En las elecciones presidenciales, la participación no suele llegar ni al 60%; en el resto de elecciones locales y consultas queda a menudo por debajo del 20%.
«Si no les importan nuestras vidas, cómo les va a importar nuestro voto», se queja un portavoz de Black Votes Matter.
Por Juan Luis Sánchez
Unos lo llaman racismo institucionalizado, otros exceso de democracia, otros apatía. Lo cierto es que Estados Unidos, que pregona los valores del poder individual como fuente de democracia, tiene un problema con el nivel de participación en las elecciones.
EEUU es uno de los países de la OCDE donde la afluencia de votantes es más baja. En las primeras elecciones de Obama, las del «Yes, we can», las de la ilusión para comunidades y generaciones enteras, voto solo el 57% de los ciudadanos que podían hacerlo; en las de 2012, bajó hasta el 54,9%. Hay que remontarse a 1968 para encontrar algún dato por encima del 60%. Solo Polonia, Estonia o Japón presentan peores registros entre los países desarrollados.
Si cruzamos el dato con el perfil racial o cultural, nos encontramos con que apenas el 30% de los votantes latinos votaron en 2012, con un dato parecido en el caso de los ciudadanos de origen asiático. Detrás de los bajos datos de participación, muchas organizaciones sociales denuncian que hay un sistema de representación democrática contraproducente, que está creando unos ‘supervotantes’ que participan en todo y una mayoría que se queda al margen. Se calcula que en estas elecciones serán más de 80 millones de personas.

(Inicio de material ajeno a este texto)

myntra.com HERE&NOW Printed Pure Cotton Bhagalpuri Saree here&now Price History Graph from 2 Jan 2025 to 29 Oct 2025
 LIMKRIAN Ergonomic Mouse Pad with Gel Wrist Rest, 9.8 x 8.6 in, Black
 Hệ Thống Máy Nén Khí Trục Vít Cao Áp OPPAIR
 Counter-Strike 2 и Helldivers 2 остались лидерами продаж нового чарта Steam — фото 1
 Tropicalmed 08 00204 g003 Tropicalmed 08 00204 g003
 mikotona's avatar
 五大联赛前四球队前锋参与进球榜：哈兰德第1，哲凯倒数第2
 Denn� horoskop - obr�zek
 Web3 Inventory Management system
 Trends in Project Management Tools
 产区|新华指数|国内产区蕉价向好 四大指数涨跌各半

Una de esas organizaciones, inspirada en el movimiento Black Lives Matter, se llama Black Votes Matter. Rae Whitley y su equipo recorren su barrio de West Palm Beach para incentivar el voto, no tanto en las elecciones presidenciales sino en la riada de decisiones a las que se convoca entre una y otra. «Si la gente no vota no es porque sean apáticos, es porque les han enseñado el camino hacia fuera del sistema, han sido desposeídos de sus derechos», dice Whitley.
El problema es más grave aún cuando se apagan las luces de la gran lucha presidencial y bajamos al terreno concreto de la política local, donde se maneja mucho del poder de una sociedad descentralizada y dividida en pequeñas ciudades o comunidades. En las últimas elecciones para elegir al alcalde de Nueva York la participación fue del 24%. En Detroit, fue del 25% a pesar de que eran las elecciones más determinantes tras declararse la ciudad en bancarrota. En San Antonio, Texas, la participación fue del 14%.
El fenómeno afecta a la vida política mucho más que en otros países, porque en Estados Unidos se vota mucho, se vota todo. Se votan los congresistas cada dos años, se votan los alcaldes o los gobernadores del Estado, pero además se vota para elegir al sheriff, se vota para elegir a los directores de la educación pública de tu ciudad, en algunos casos se vota para elegir a jueces, se vota para elegir fiscales. Y ahí los datos de participación son aún más pobres; en ocasiones apenas unos cientos de votos para poblaciones de un millón de habitantes y para cargos tan determinantes como el del que decide los impuestos que se pagan o los que aprueban el contenido de los libros de texto. Parece que sencillamente es casi imposible seguirle el ritmo a las elecciones.
«Si no les importa nuestras vidas, cómo van a contar nuestros votos», se queja Chuck Ridley, un veterano de los derechos de la comunidad afroamericana en West Palm Beach. Ridley tiene claro que «el sistema electoral en Estados Unidos está montado para mantener movilizados a unos pocos y mantener inmovilizada a la mayoría».
El diseño de las campañas tampoco ayuda a corregir ese efecto. Los asesores políticos de los candidatos hacen investigaciones muy completas sobre dónde tienen más oportunidades de rascar votos y con qué mensaje; entonces atacan un grupo concreto de gente. «A nivel local, lo que hacen es casi una ciencia del micromarketing, eligiendo muy bien qué votos quieres provocar», explica Ridley. En Estados Unidos, las campañas tienen acceso a documentación personal de cada votante donde, aunque no consta su voto, sí que consta a qué partido ha declarado su cercanía. Ridley lamenta que «hay barrios donde el voto no se consigue solo al ir a hacer campaña, así que no sirve de nada que los candidatos vayan. Sus consultores le dicen al candidato que se olvide de ese sitio, y así es como se retroalimenta el olvido de comunidades enteras».
Según los expertos consultados, en Estados Unidos no existe ahora mismo un debate sobre si compensa tener tantas elecciones y consultas o si se está retroalimentando la desigualdad, una democracia de dos velocidades. «El sistema americano está hecho para generar dos clases: la élite que participa y el resto», dice Ridley. Si eres candidato, «en realidad no quieres mucha participación, porque es impredecible. Prefieres que haya una participación baja y trabajar según un sistema de cálculos».